At length the old man arrived at the climax of what he had to say. "It was not good for a young man, suffering with sickness, and away from his family, to be without a home and a wife. He had a nice daughter at home, handsome and healthy, a capital nurse, the best hand in all the tribe at trapping beaver and musk-rats. He was coming down again in the spring, and he would bring her with him, and Shaw-nee-aw-kee should see that he had told no falsehood about her. Should he go now, and bring his daughter the next time he came?"
Stunned with his importunate babble, and anxious only for rest and quiet, poor Shaw-nee-aw-kee eagerly assented, and the chief took his departure.

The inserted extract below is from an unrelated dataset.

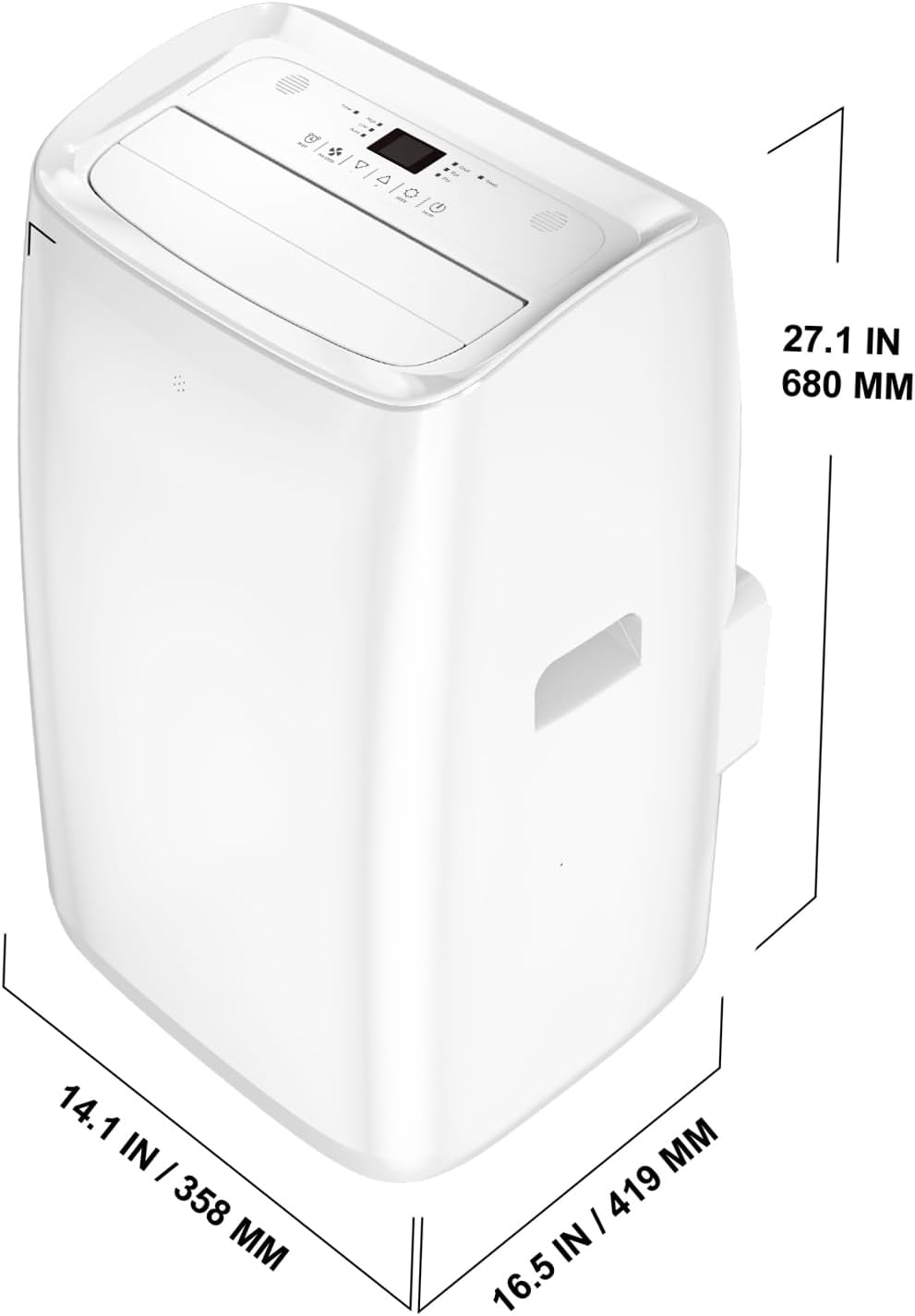 Happybuy 14,000 BTU Portable Air Conditioner, 3-in-1 Unit with Remote, 550-700 Sq.Ft, Cool/Dehumidify/Fan, Low Noise, Rich Accessories, White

So nearly had his disorder been aggravated to delirium, that the young man forgot entirely, for a time, the interview and the proposal which had been made him. But it was recalled to his memory some months after, when Four-Legs made his appearance, bringing with him a squaw of mature age, and a very Hecate for ugliness. She carried on her shoulders an immense pack of furs, which, approaching with her awkward criss-cross gait, she threw at his feet, thus marking, by an Indian custom, her sense of the relation that existed between them.
The conversation with her father now flashed across his mind, and he began to be sensible that he had got into a position that it would require some skill to extricate himself from.
He bade one of the young clerks take up the pack and carry it into the magazine where the furs were stored; then he coolly went on talking with the chief about indifferent matters.
Miss Four-Legs sat awhile with a sulky, discontented air; at length she broke out,—
"Humph! he seems to take no more notice of me than if I was nobody!"
He again turned to the clerk.—"Give her a calico shirt and half a dozen bread-tickets."
This did not dissipate the gloom on her countenance. Finding that he must commence the subject, the father says,—
"Well, I have brought you my daughter, according to our agreement. How do you like her?"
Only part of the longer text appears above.